The impact of the rapid and far-reaching economic, social and political changes and reforms of the 1980s and 1990s on different family types is not as well understood as the effect of the reforms on the economy. This publication aims to contribute to filling this gap by examining changes in the wellbeing of a range of different family types over the period 1981–2006. These changes are examined using a series of family wellbeing indicators constructed from data available in Statistics New Zealand’s five-yearly Census of Population and Dwellings. The main advantages of using census data are that they provide a consistent and long time series of social data and that, because of their scale, they allow the effect of change on small population groups to be examined.

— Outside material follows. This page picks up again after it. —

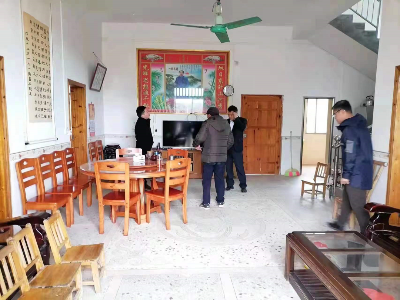 潭口镇：“美丽庭院”大评比 扮靓乡村生活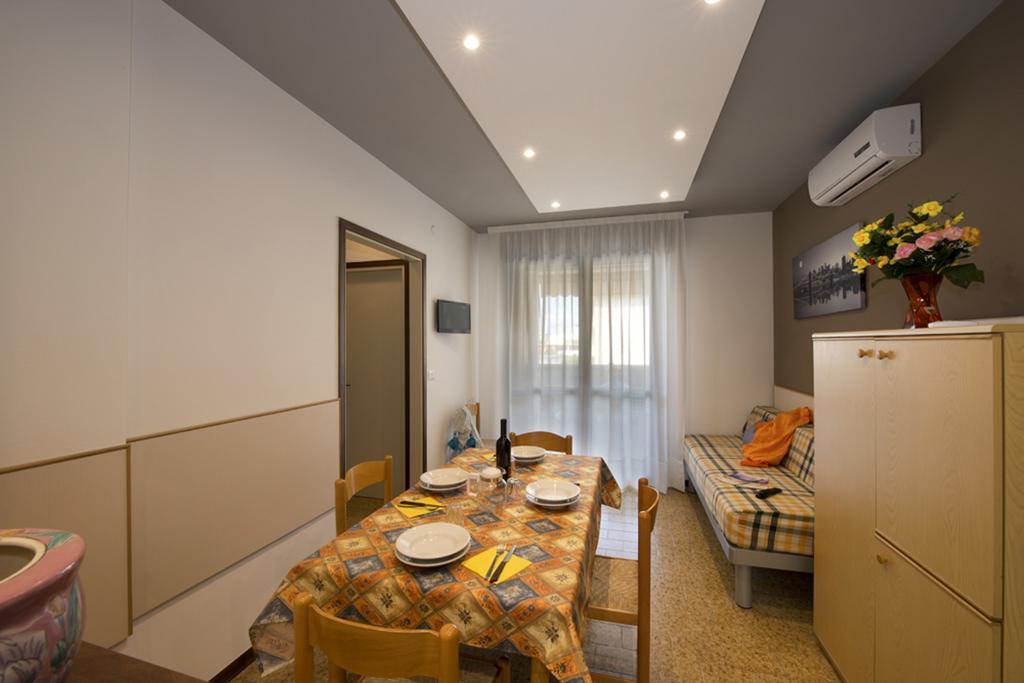 Residence G. Verdi Bibione Zimmer foto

Given the absence of an overall index of wellbeing for each family type in this analysis, it is difficult to quantify the overall change in family wellbeing over the period. However, if income is taken as the best measure of levels of wellbeing, then for both sets of analyses almost all family and household types became better off over the 25 years in question. Furthermore, all family and household types in both sets of analyses improved their educational and employment levels. However, almost all family and household types worked longer hours, experienced declining levels of both home ownership and rental affordability, and had increasing receipt of health-related benefits. The picture with regard to crowding was mixed, with levels of crowding declining for most Māori families and some family types in the all families analysis, but increasing for others.

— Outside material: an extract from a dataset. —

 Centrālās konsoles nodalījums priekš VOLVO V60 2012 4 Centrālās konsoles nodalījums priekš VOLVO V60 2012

Although the usefulness of this analysis is restricted due to limitations in the range of indicators available from census data, it does provide a unique means of examining changes in family wellbeing for small population groups over the 25-year period, that is not available from other data sources. In addition, including data points from 1981 provides information about changes occurring in the early period of reforms that is not available from other sample surveys (for example, the Household Labour Force Survey, which measures unemployment, began in 1986).

Disclaimer

The views expressed in this occasional paper are the personal views of the authors and should not be taken to represent the views or policy of Statistics New Zealand or the Government. Although all reasonable steps have been taken to ensure the accuracy of the information, no responsibility is accepted for the reliance by any person on any information contained in this occasional paper, nor for any error in or omission from the occasional paper.